Materials such as glass,
aramid and boron have extremely high tensile and compressive strength but in
‘solid form’ these properties are not readily apparent. This is due to the fact
that when stressed, random surface flaws will cause each material to crack and
fail well below its theoretical ‘breaking point’. To overcome this problem, the
material is produced in fibre form, so that, although the same number of random
flaws will occur, they will be restricted to a small number of fibres with the
remainder exhibiting the material’s theoretical strength. Therefore a bundle of
fibres will reflect more accurately the optimum performance of the material.
However, fibres alone can only
exhibit tensile properties along the fibre’s length, in the same way as fibres
in a rope. It is when the resin systems are combined with reinforcing
fibres such as glass, carbon and aramid, that exceptional properties can be
obtained. The resin matrix spreads the load applied to the composite between
each of the individual fibres and also protects the fibres from damage caused by
abrasion and impact.
High strengths and stiffnesses, ease
of moulding complex shapes, high environmental resistance - all coupled with low
densities - make the resultant composite superior to metals for many
applications.
Since PMC combine a resin
system and reinforcing fibres, the properties of the resulting composite
material will combine something of the properties of the resin on its own with
something of the fibres on their own.
Overall, the properties
of the composite are determined by:
- The properties of the fibre
- The properties of the resin
- The ratio of fibre to resin in the
composite (Fibre Volume Fraction)
- The geometry and orientation of
the fibres in the composite
The first two will be dealt with in
more detail later. The ratio of the fibre to resin derives largely from the
manufacturing process used to combine resin with fibre. However, it is also
influenced by the type of resin system used, and the form in which the fibres
are incorporated. In general, since the mechanical properties of fibres are much
higher than those of resins, the higher the fibre volume fraction the higher
will be the mechanical properties of the resultant composite. In practice there
are limits to this, since the fibres need to be fully coated in resin to be
effective, and there will be an optimum packing of the generally circular
cross-section fibres. In addition, the manufacturing process used to combine
fibre with resin leads to varying amounts of imperfections and air inclusions.
Typically, with a common hand lay-up process as widely used in the boat-building
industry, a limit for FVF is approximately 30-40%. With the higher quality, more
sophisticated and precise processes used in the aerospace industry, FVF’s
approaching 70% can be successfully obtained.

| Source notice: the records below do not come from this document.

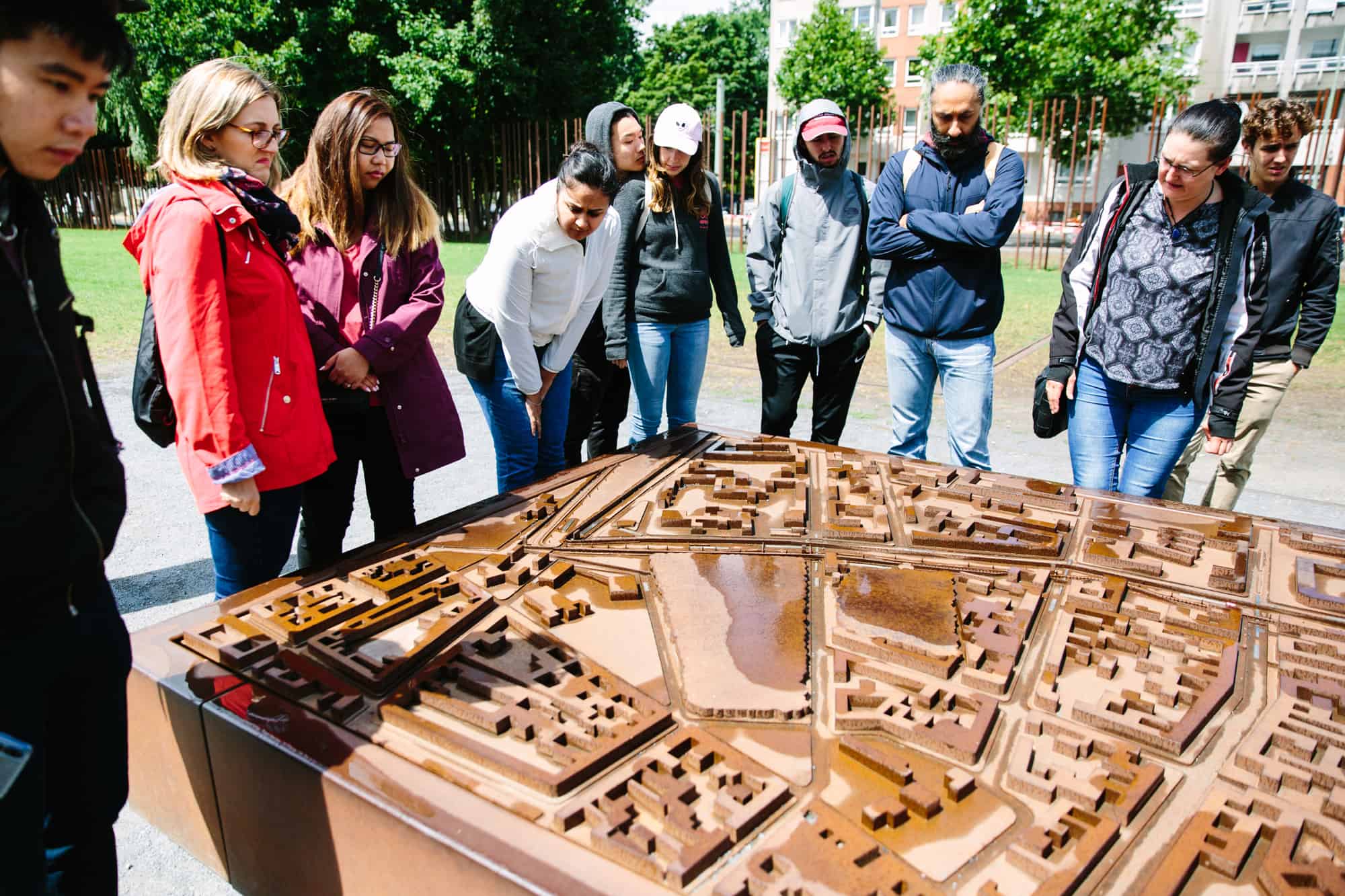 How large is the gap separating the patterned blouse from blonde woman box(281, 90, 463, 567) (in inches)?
91.2

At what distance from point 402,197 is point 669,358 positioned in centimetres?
161

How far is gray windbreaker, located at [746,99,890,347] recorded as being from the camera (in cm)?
391

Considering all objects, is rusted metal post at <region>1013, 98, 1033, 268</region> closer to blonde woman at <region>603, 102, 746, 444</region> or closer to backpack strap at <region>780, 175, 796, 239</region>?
backpack strap at <region>780, 175, 796, 239</region>

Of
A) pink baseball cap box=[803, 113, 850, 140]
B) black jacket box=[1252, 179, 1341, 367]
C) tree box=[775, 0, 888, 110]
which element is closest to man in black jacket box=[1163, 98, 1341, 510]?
black jacket box=[1252, 179, 1341, 367]

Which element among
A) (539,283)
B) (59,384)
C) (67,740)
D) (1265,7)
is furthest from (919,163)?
(1265,7)

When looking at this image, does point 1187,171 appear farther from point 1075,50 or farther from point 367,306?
point 1075,50

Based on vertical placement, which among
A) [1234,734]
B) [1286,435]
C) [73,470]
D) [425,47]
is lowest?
[1286,435]

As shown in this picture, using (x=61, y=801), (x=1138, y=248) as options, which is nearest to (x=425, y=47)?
(x=1138, y=248)

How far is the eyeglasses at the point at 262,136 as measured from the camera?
2266 millimetres

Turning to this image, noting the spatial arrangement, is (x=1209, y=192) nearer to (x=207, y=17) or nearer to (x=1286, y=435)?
(x=1286, y=435)

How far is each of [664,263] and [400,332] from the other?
5.04ft

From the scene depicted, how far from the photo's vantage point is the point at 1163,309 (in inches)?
121

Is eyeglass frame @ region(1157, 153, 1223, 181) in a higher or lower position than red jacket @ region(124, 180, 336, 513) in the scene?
higher

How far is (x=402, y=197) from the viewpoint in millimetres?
2875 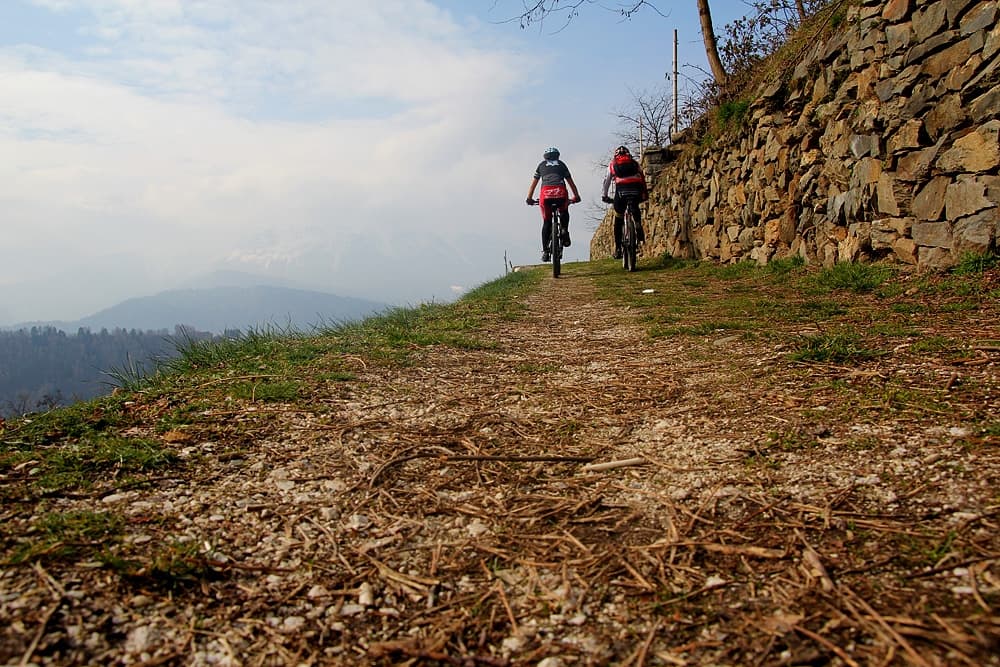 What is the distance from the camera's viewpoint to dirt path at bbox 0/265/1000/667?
4.33 ft

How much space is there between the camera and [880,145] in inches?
246

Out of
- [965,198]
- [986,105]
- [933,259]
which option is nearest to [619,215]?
[933,259]

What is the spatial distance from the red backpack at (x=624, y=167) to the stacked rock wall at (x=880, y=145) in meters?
1.75

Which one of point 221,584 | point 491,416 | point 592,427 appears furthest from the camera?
point 491,416

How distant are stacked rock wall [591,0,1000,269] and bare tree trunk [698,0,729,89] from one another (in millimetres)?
2171

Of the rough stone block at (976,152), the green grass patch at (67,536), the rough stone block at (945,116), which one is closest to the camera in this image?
the green grass patch at (67,536)

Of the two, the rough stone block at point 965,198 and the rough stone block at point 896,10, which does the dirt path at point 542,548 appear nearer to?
the rough stone block at point 965,198

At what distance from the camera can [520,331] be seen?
578 cm

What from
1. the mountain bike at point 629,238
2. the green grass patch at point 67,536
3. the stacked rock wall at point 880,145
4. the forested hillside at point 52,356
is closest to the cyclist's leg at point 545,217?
the mountain bike at point 629,238

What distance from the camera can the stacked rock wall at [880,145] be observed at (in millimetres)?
5051

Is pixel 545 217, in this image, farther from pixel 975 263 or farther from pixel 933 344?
pixel 933 344

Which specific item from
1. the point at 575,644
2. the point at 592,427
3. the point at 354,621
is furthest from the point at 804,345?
the point at 354,621

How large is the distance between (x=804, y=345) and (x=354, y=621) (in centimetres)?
318

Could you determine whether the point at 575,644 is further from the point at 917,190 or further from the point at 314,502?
the point at 917,190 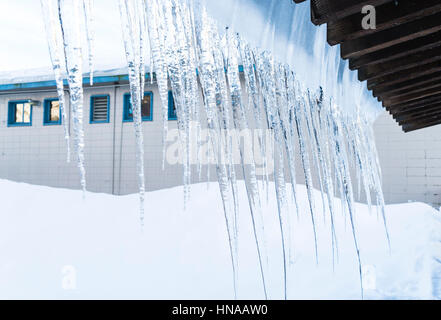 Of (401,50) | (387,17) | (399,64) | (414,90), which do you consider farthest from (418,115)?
(387,17)

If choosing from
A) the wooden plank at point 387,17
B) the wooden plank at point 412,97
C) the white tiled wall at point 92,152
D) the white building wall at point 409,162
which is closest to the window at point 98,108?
the white tiled wall at point 92,152

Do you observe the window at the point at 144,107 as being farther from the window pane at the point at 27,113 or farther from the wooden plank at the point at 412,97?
the wooden plank at the point at 412,97

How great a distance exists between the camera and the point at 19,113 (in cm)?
1095

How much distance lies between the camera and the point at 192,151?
9242 millimetres

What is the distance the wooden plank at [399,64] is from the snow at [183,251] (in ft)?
6.99

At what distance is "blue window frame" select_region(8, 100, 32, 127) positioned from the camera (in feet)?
35.2

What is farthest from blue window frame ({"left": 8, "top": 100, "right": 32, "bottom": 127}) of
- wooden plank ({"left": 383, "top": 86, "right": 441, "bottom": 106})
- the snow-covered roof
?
wooden plank ({"left": 383, "top": 86, "right": 441, "bottom": 106})

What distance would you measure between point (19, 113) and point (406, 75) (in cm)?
1173

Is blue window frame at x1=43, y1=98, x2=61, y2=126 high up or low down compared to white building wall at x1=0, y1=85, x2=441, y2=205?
up

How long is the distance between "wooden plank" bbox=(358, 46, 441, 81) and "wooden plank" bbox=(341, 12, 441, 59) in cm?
58

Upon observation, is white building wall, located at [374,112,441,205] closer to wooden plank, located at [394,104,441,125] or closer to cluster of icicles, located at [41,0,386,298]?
wooden plank, located at [394,104,441,125]

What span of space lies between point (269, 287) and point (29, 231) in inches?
163

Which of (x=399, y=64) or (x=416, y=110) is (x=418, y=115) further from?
(x=399, y=64)

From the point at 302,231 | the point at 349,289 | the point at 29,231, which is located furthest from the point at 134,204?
the point at 349,289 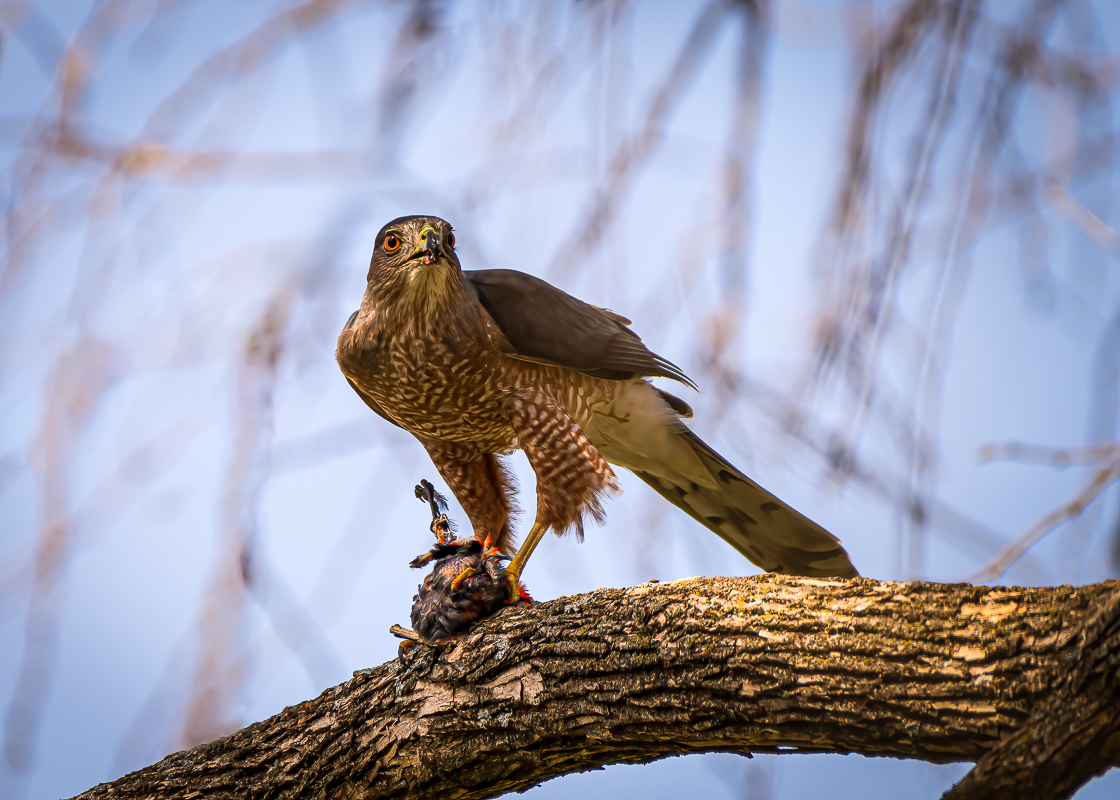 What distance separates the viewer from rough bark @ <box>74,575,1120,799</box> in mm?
1531

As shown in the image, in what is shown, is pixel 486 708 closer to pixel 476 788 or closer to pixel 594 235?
pixel 476 788

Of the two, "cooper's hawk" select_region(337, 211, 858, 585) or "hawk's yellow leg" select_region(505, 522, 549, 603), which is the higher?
"cooper's hawk" select_region(337, 211, 858, 585)

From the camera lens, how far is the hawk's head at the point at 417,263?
2891mm

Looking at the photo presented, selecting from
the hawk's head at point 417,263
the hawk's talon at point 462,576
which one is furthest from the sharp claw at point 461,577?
the hawk's head at point 417,263

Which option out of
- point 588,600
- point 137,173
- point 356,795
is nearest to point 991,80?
point 588,600

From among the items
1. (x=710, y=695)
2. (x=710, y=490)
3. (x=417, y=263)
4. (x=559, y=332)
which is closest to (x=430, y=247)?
(x=417, y=263)

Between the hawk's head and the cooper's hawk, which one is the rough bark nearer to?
the cooper's hawk

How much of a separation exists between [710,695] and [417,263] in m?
1.75

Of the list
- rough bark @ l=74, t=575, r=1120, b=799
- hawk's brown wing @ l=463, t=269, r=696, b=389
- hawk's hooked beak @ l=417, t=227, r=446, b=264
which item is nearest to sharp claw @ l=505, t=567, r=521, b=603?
rough bark @ l=74, t=575, r=1120, b=799

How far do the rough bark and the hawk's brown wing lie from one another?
1043 millimetres

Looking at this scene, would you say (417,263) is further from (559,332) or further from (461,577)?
(461,577)

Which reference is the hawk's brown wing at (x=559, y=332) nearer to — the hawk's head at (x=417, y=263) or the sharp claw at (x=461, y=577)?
the hawk's head at (x=417, y=263)

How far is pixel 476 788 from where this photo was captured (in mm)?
2229

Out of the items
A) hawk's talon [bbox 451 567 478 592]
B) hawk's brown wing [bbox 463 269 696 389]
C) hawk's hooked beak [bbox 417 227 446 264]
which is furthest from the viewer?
hawk's brown wing [bbox 463 269 696 389] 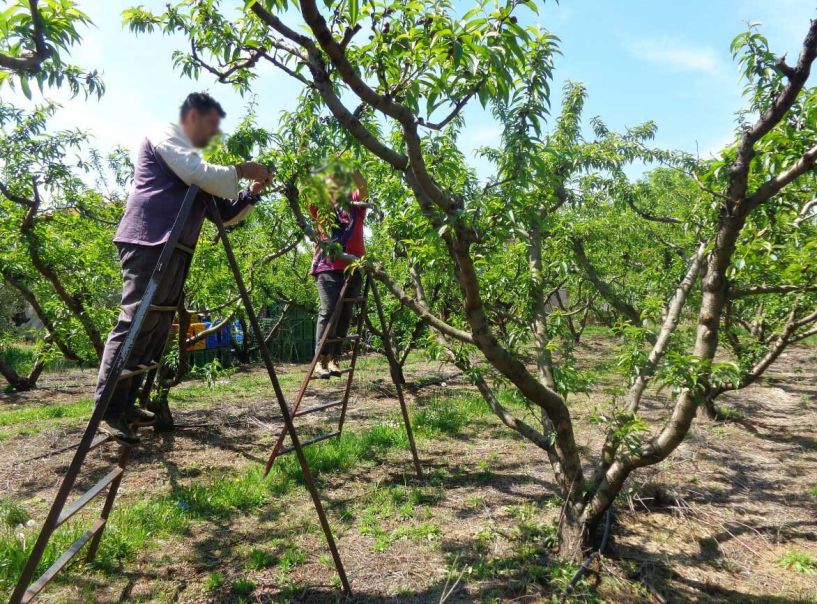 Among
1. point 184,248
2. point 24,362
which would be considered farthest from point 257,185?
point 24,362

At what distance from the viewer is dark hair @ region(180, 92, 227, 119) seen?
1.58m

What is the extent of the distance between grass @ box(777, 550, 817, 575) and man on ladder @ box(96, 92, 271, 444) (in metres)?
4.23

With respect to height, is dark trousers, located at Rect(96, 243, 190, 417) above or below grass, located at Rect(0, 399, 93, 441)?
above

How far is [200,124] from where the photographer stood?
156cm

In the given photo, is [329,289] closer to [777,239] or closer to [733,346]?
[777,239]

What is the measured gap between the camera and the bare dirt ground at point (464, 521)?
10.6 ft

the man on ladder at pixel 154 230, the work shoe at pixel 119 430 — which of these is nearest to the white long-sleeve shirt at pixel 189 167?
the man on ladder at pixel 154 230

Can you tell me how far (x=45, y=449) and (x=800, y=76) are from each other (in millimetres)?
6644

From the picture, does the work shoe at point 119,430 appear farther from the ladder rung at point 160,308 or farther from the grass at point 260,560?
the grass at point 260,560

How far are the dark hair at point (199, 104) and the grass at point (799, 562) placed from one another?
14.6ft

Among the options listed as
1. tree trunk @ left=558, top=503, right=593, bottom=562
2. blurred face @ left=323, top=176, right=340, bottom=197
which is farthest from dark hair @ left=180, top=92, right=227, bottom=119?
tree trunk @ left=558, top=503, right=593, bottom=562

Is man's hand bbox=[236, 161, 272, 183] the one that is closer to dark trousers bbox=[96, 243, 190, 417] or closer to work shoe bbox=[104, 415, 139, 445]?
dark trousers bbox=[96, 243, 190, 417]

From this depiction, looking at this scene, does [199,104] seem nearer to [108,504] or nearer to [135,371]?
[135,371]

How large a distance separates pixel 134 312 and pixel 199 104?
1468mm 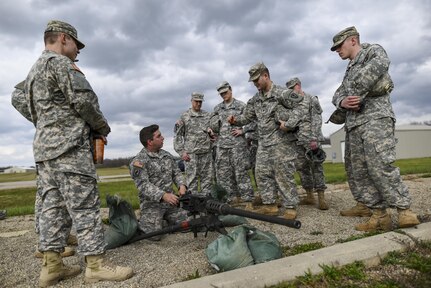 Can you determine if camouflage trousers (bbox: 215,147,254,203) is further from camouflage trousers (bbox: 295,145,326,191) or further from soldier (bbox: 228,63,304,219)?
soldier (bbox: 228,63,304,219)

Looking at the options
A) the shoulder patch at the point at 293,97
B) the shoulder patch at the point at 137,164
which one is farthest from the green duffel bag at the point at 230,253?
the shoulder patch at the point at 293,97

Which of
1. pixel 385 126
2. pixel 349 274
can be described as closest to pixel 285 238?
pixel 349 274

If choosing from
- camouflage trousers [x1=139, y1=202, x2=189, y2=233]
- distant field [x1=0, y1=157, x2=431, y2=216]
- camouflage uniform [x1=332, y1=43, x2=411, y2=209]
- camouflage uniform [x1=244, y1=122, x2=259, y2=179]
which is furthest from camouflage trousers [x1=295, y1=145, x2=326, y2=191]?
distant field [x1=0, y1=157, x2=431, y2=216]

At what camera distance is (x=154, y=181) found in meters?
5.03

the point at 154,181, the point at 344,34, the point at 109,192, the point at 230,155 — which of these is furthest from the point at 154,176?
the point at 109,192

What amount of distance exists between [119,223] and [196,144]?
10.3 feet

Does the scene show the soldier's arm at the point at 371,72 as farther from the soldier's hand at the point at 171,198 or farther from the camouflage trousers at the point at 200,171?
the camouflage trousers at the point at 200,171

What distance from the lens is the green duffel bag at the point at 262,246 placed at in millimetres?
3076

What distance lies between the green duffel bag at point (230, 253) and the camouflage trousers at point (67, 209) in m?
1.02

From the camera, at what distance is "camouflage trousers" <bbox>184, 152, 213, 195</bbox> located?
7.05m

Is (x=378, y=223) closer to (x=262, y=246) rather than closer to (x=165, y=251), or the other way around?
(x=262, y=246)

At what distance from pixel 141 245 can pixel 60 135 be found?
195 centimetres

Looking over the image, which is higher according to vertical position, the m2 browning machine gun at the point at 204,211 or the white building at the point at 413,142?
the white building at the point at 413,142

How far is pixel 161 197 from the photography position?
14.5 feet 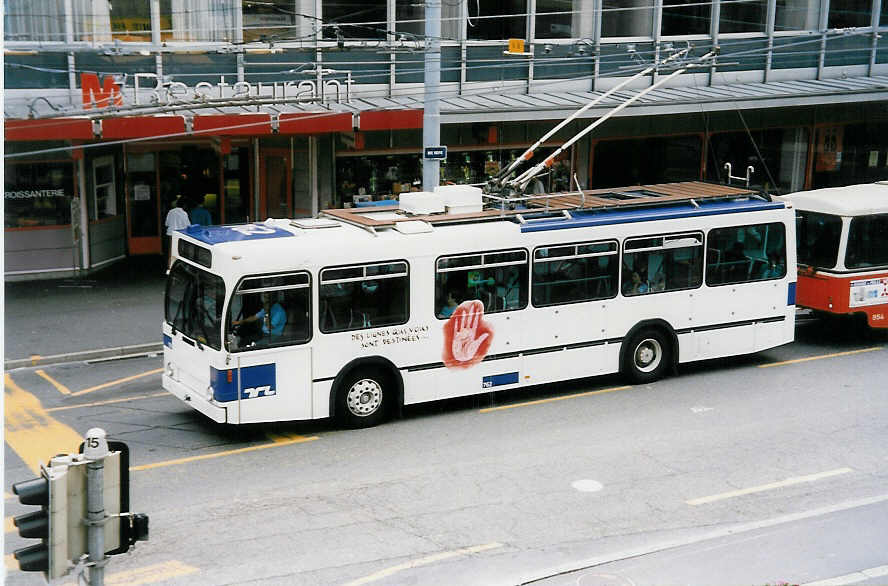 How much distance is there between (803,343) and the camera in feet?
63.2

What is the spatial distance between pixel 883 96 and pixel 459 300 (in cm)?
2036

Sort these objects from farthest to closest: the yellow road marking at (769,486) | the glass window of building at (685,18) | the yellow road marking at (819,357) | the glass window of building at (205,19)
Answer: the glass window of building at (685,18), the glass window of building at (205,19), the yellow road marking at (819,357), the yellow road marking at (769,486)

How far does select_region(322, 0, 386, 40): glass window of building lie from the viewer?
23.5 metres

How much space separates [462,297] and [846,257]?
763cm

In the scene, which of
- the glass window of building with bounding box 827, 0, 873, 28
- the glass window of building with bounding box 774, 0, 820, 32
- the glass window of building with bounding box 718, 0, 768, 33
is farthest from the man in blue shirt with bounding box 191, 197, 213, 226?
the glass window of building with bounding box 827, 0, 873, 28

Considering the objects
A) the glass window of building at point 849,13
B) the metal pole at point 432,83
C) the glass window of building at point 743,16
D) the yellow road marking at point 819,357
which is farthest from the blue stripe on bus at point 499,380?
the glass window of building at point 849,13

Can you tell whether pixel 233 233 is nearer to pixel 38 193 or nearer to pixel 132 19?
pixel 132 19

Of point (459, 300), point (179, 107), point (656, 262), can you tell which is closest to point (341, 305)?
point (459, 300)

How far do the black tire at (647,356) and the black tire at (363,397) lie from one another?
3.88m

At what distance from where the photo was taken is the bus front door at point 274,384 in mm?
12930

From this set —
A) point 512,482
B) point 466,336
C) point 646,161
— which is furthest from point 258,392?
point 646,161

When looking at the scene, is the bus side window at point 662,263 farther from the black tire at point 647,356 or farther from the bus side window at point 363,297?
the bus side window at point 363,297

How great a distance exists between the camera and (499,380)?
14.9 m

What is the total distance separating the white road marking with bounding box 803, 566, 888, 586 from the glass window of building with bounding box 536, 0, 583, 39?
725 inches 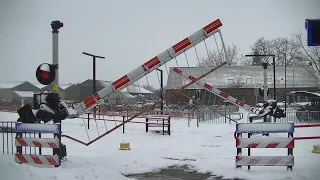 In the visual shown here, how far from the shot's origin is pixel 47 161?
353 inches

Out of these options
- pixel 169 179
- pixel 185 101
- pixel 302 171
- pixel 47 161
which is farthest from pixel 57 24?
pixel 185 101

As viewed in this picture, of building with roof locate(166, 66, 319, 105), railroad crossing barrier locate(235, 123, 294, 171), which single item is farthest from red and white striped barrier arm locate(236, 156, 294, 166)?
building with roof locate(166, 66, 319, 105)

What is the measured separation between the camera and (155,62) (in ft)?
36.3

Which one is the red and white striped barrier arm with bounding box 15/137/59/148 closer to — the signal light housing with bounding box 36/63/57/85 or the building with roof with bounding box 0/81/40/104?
the signal light housing with bounding box 36/63/57/85

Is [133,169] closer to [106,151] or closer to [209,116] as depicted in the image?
[106,151]

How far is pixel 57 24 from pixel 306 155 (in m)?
8.51

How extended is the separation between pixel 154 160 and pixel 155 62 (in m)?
2.94

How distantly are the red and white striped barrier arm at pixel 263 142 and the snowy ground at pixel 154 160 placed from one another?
0.61 metres

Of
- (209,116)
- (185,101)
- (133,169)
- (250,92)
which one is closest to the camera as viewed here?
(133,169)

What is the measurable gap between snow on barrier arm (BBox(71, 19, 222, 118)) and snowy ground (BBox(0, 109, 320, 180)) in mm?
1816

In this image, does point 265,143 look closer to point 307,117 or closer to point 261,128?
point 261,128

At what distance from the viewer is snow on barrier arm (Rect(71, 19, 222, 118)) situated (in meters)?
11.0

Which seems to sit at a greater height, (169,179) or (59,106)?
(59,106)

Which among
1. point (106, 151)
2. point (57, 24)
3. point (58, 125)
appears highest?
point (57, 24) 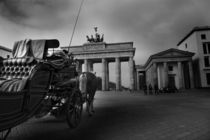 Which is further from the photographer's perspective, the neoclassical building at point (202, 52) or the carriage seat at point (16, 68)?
the neoclassical building at point (202, 52)

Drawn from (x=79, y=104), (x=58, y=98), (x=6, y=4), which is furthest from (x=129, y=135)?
(x=6, y=4)

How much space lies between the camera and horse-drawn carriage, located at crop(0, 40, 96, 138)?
7.34 feet

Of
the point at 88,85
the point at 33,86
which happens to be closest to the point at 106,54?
the point at 88,85

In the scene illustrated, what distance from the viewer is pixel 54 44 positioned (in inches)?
166

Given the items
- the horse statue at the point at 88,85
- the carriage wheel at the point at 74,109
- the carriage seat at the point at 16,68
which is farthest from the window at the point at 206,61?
the carriage seat at the point at 16,68

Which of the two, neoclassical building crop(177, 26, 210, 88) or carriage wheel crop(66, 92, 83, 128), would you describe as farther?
neoclassical building crop(177, 26, 210, 88)

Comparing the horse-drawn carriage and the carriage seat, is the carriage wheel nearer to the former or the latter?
the horse-drawn carriage

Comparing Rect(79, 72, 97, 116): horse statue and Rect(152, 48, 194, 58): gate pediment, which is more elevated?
Rect(152, 48, 194, 58): gate pediment

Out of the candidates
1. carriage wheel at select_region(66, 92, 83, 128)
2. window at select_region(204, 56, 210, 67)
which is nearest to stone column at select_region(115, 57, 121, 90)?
window at select_region(204, 56, 210, 67)

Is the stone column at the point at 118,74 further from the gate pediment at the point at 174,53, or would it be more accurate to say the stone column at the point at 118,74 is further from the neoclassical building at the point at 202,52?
the neoclassical building at the point at 202,52

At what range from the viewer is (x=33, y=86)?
269 centimetres

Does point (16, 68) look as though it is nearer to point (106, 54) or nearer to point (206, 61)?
point (106, 54)

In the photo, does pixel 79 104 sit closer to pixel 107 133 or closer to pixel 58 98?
pixel 58 98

The geometry of the fibres in a
composite is also important since fibres have their highest mechanical
properties along their lengths, rather than across their widths. This leads to
the highly anisotropic properties of composites, where, unlike metals, the
mechanical properties of the composite are likely to be very different when
tested in different directions. This means that it is very important when
considering the use of composites to understand, at the design stage, both the
magnitude and the direction of the applied loads. When correctly accounted for,
these anisotropic properties can be very advantageous since it is only necessary
to put material where loads will be applied, and thus redundant material is
avoided. (But clearly if these properties are NOT accounted for, you’ve got big
problems! – Ed)
It is also important to
note that with metals the properties of the materials are largely determined by
the material supplier, and the person who fabricates the materials into a
finished structure can do almost nothing to change those ‘in-built’ properties.
However, a composite material is formed at the same time as the structure is
itself being fabricated. This means that the person who is making the structure
is creating the properties of the resultant composite material, and so the
manufacturing processes they use have an unusually critical part to play in
determining the performance of the resultant structure.
Loading
There are four main direct loads that any material in a structure
has to withstand: tension, compression, shear and flexure.
Tension - this diagram shows a tensile load applied to a
composite. The response of a composite to tensile loads is very dependent on the
tensile stiffness and strength properties of the reinforcement fibres, since
these are far higher than the resin system on its own.
Compression - this diagram shows a composite under a
compressive load. Here, the adhesive and stiffness properties of the resin
system are crucial, as it is the role of the resin to maintain the fibres as
straight columns and to prevent them from buckling.
Shear - this diagram shows a composite experiencing a shear
load. This load is trying to slide adjacent layers of fibres over each other.
Under shear loads the resin plays the major role, transferring the stresses
across the composite. For the composite to perform well under shear loads, the
resin element must not only exhibit good mechanical properties but must also
have high adhesion to the reinforcement fibre. The interlaminar shear strength
(ILSS) of a composite is often used to indicate this property in a multilayer
composite (‘laminate’).
Flexure - flexural loads are really a combination of
tensile, compression and shear loads. When loaded as shown, the upper face is
put into compression, the lower face into tension and the central portion of the
laminate experiences shear.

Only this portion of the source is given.